◆ DATA EXTRACT ◆
──────────

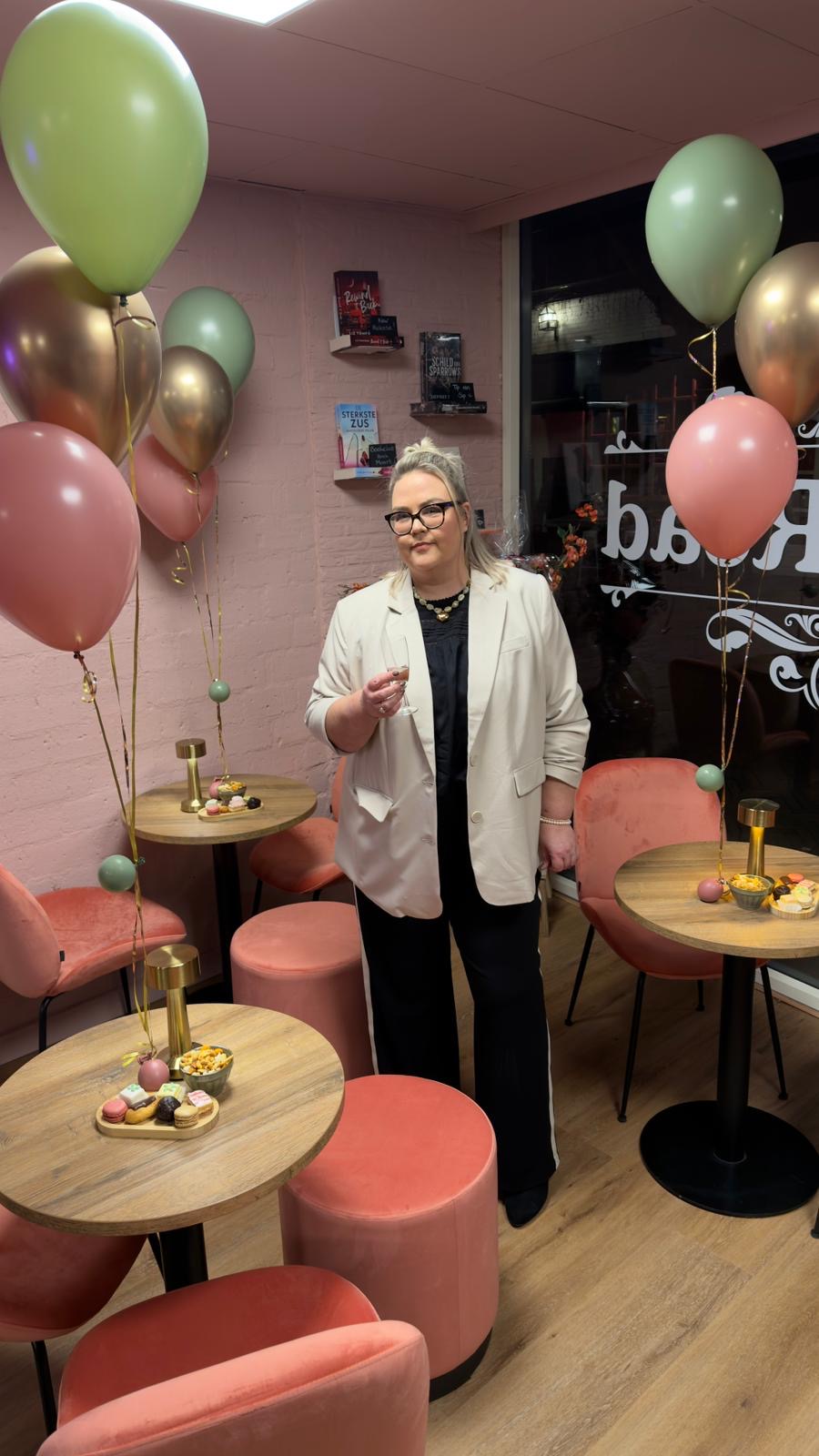 Sip & Nieuws - Opening Sip & Read Wijchen.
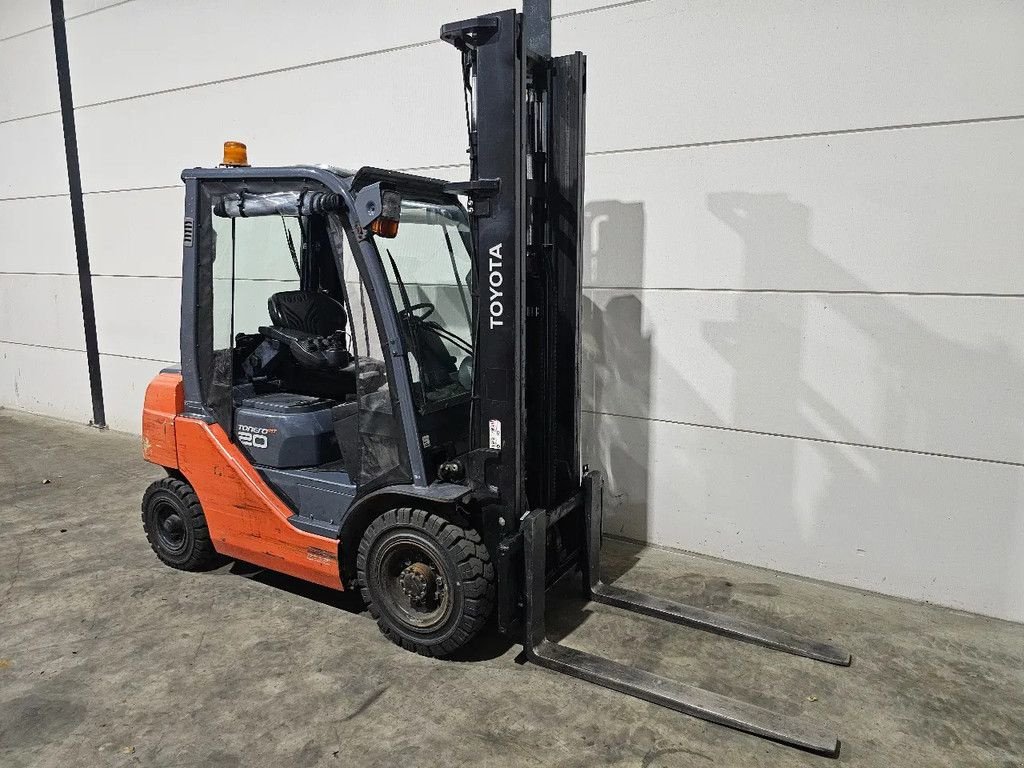 Frontstapler του τύπου Toyota 8FD20F Diesel Heftruck 4.0M 2000KG BJ2016 Freelift SS, Gebrauchtmaschine σε Brakel (Φωτογραφία 3)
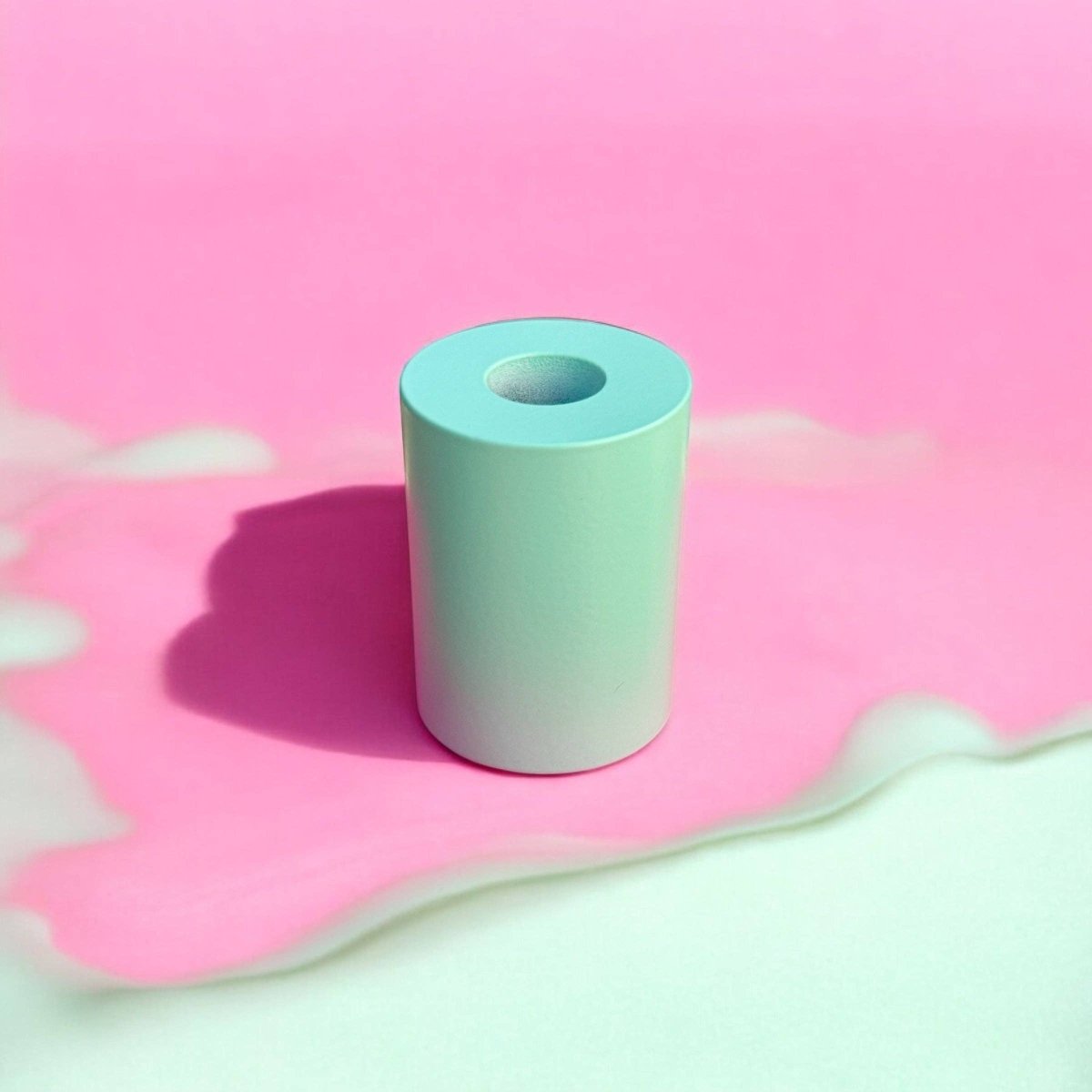 Pink Stories - FLIPPER Tube Kerzenhalter * • Mint - Kerzenständer - ROSA ECK Concept Store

──────────

◆ YOUR GOAL ◆
An exact copy is needed of the lines running from the one containing "Frontstapler του τύπου" through the last line of the material, and of no others; pictures stay out.

◆ SOLUTION FOR THIS PROBLEM ◆
 Frontstapler του τύπου Toyota 8FD20F Diesel Heftruck 4.0M 2000KG BJ2016 Freelift SS, Gebrauchtmaschine σε Brakel (Φωτογραφία 3)
 Pink Stories - FLIPPER Tube Kerzenhalter * • Mint - Kerzenständer - ROSA ECK Concept Store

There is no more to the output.